About this task:
Restate word for word the lines below that run from the one holding "LA CONSTRUCCION NAVAL" through the one holding "Josh Stone Productions", inclusive. Pictures don't belong in the copy.

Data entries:
★ ★ ★ ★

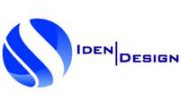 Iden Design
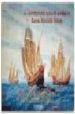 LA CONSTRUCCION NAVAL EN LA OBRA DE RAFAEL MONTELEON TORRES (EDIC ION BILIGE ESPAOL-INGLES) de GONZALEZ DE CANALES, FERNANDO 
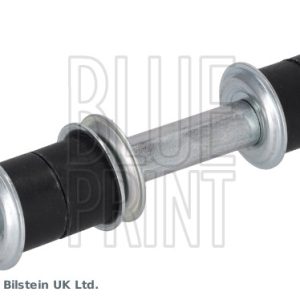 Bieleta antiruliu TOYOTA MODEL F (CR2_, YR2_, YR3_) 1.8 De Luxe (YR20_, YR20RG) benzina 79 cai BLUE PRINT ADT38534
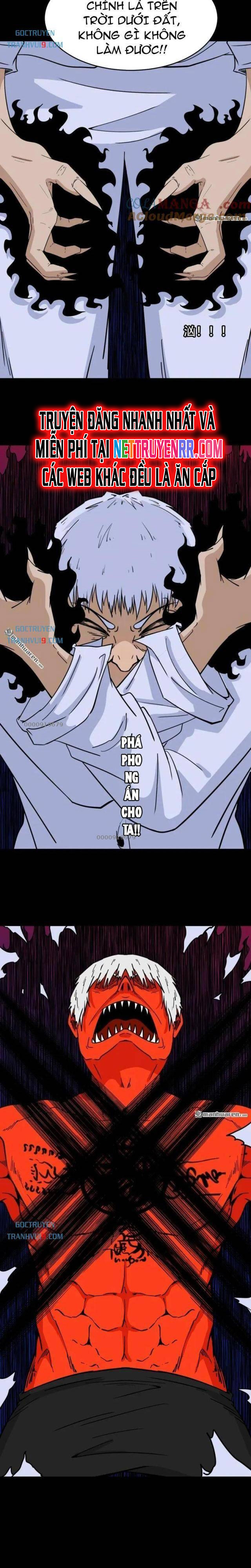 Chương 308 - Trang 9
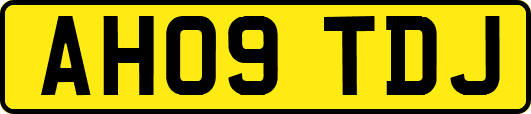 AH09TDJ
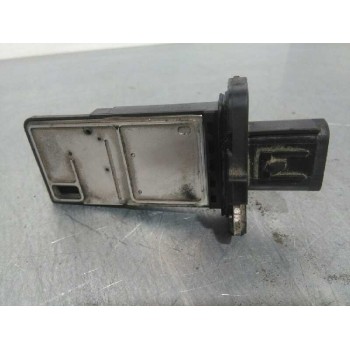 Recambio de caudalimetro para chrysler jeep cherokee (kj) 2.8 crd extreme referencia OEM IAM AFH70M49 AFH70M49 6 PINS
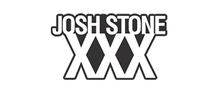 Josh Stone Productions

★ ★ ★ ★

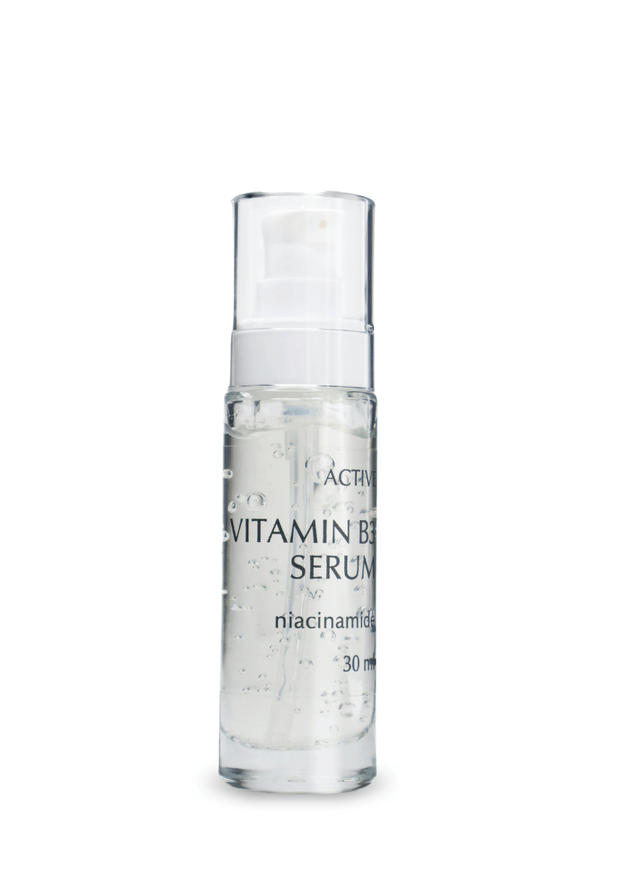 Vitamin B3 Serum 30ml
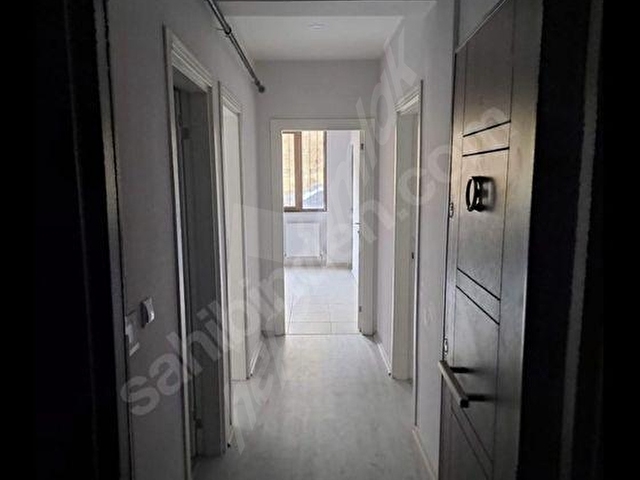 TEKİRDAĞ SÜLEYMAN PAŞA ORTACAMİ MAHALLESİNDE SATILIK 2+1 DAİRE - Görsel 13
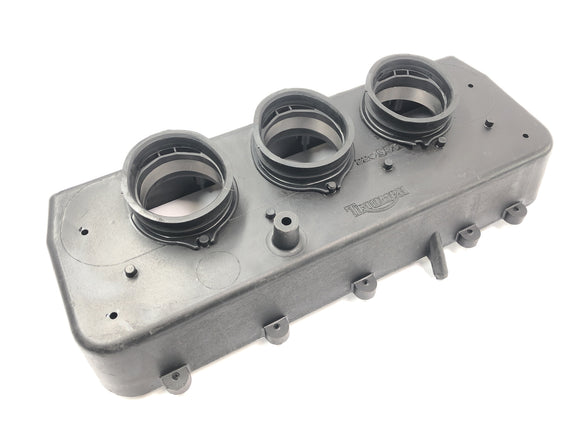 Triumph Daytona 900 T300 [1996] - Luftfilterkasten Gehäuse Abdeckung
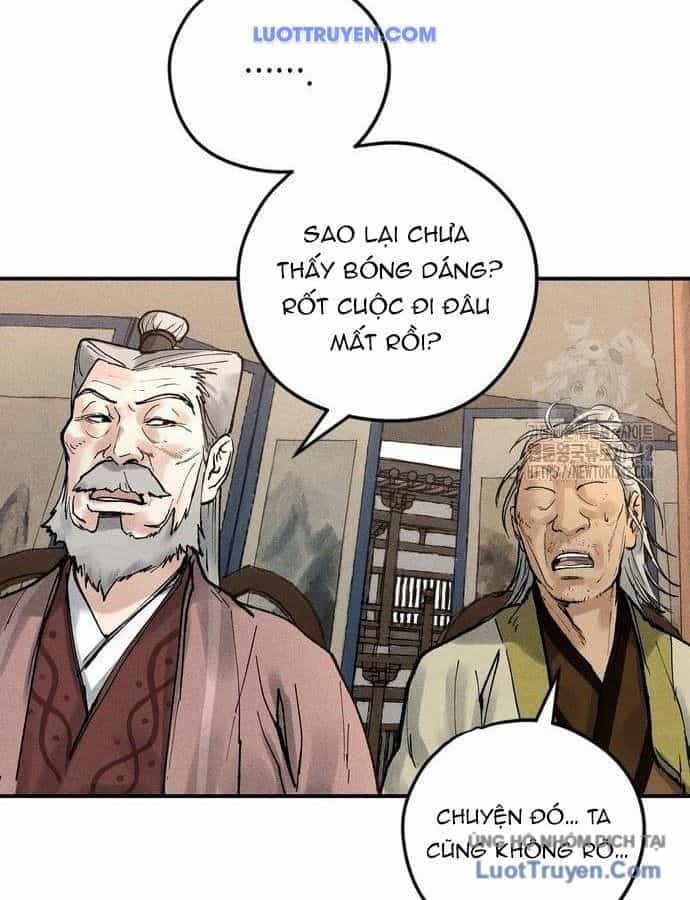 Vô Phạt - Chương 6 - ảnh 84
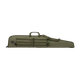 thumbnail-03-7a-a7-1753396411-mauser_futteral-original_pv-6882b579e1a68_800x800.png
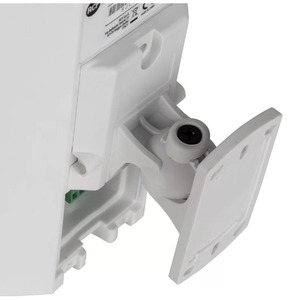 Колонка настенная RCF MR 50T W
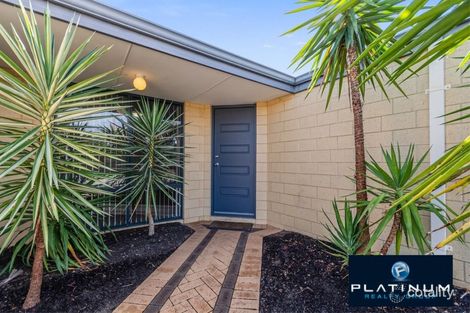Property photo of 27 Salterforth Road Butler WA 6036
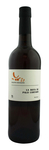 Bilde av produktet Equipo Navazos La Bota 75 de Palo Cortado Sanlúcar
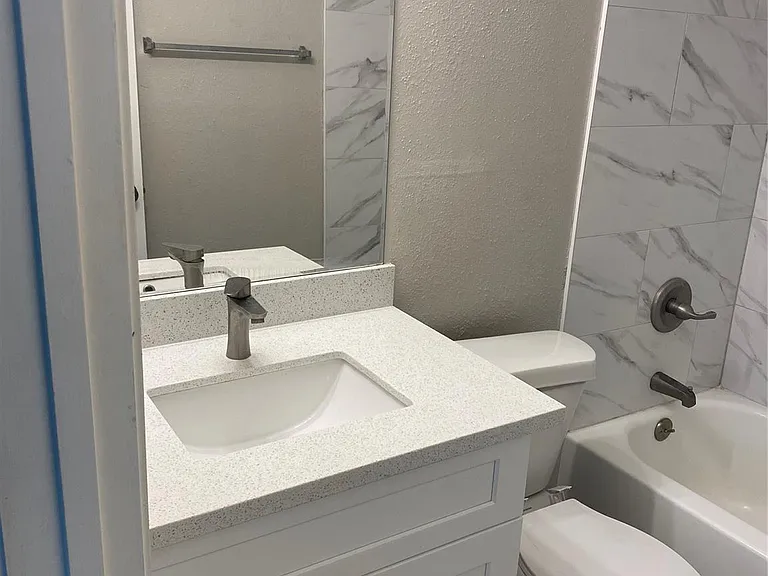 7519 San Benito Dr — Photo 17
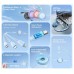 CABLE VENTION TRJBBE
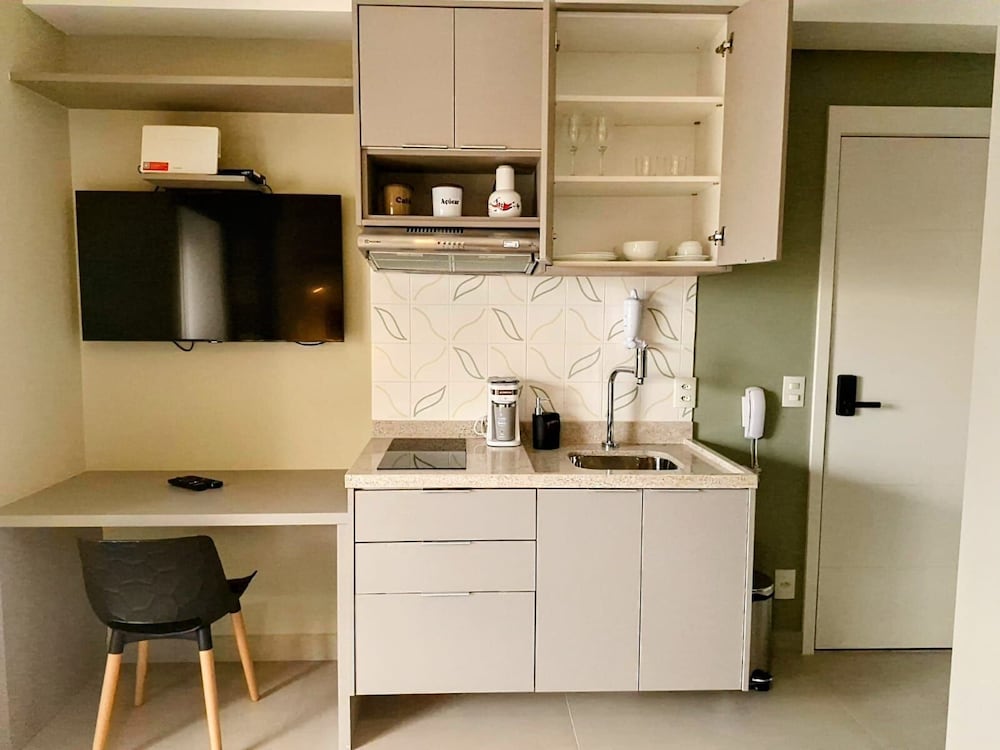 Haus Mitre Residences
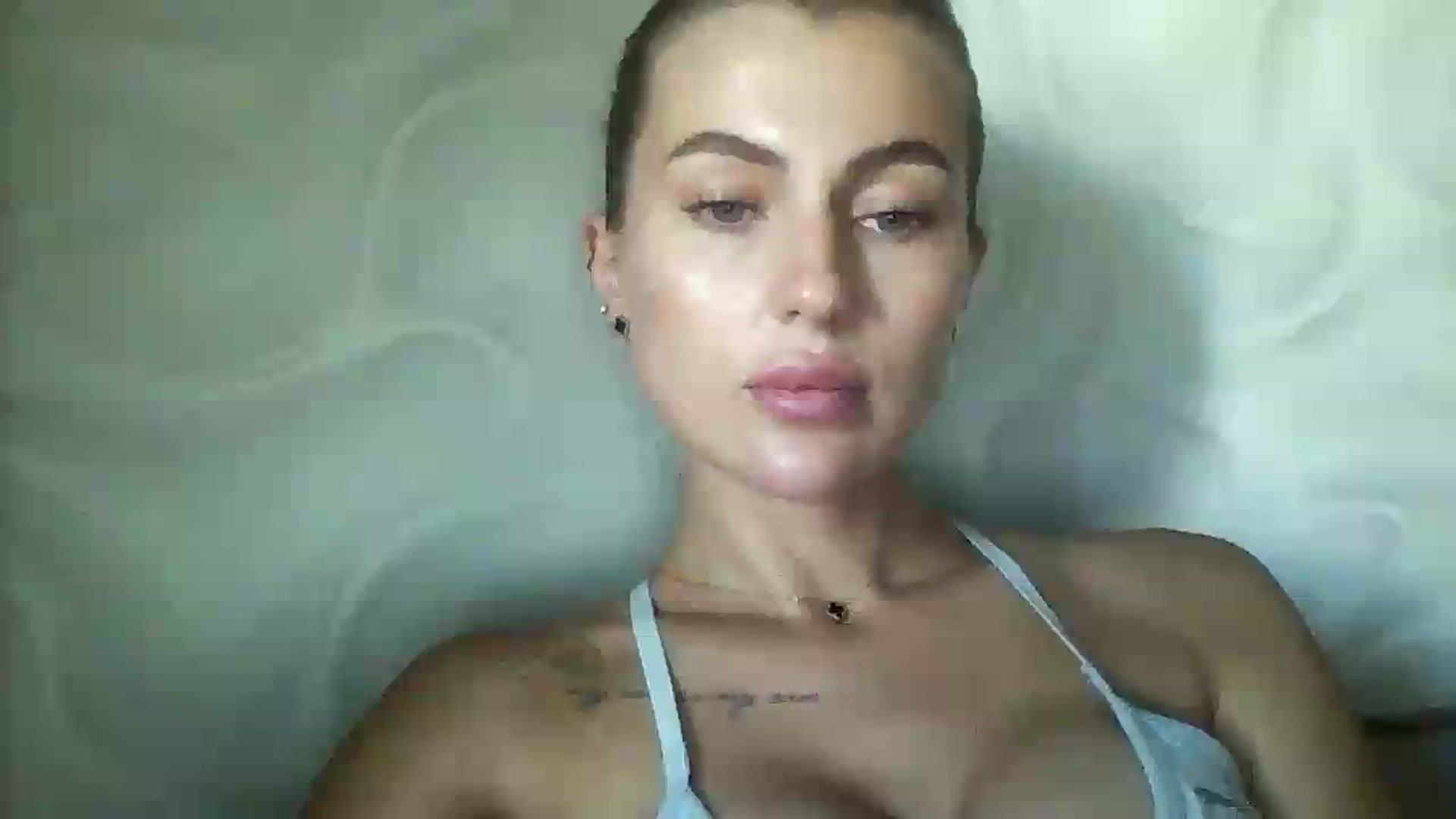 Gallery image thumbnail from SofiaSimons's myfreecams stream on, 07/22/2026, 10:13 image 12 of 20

★ ★ ★ ★

Your response:
 LA CONSTRUCCION NAVAL EN LA OBRA DE RAFAEL MONTELEON TORRES (EDIC ION BILIGE ESPAOL-INGLES) de GONZALEZ DE CANALES, FERNANDO 
 Bieleta antiruliu TOYOTA MODEL F (CR2_, YR2_, YR3_) 1.8 De Luxe (YR20_, YR20RG) benzina 79 cai BLUE PRINT ADT38534
 Chương 308 - Trang 9
 AH09TDJ
 Recambio de caudalimetro para chrysler jeep cherokee (kj) 2.8 crd extreme referencia OEM IAM AFH70M49 AFH70M49 6 PINS
 Josh Stone Productions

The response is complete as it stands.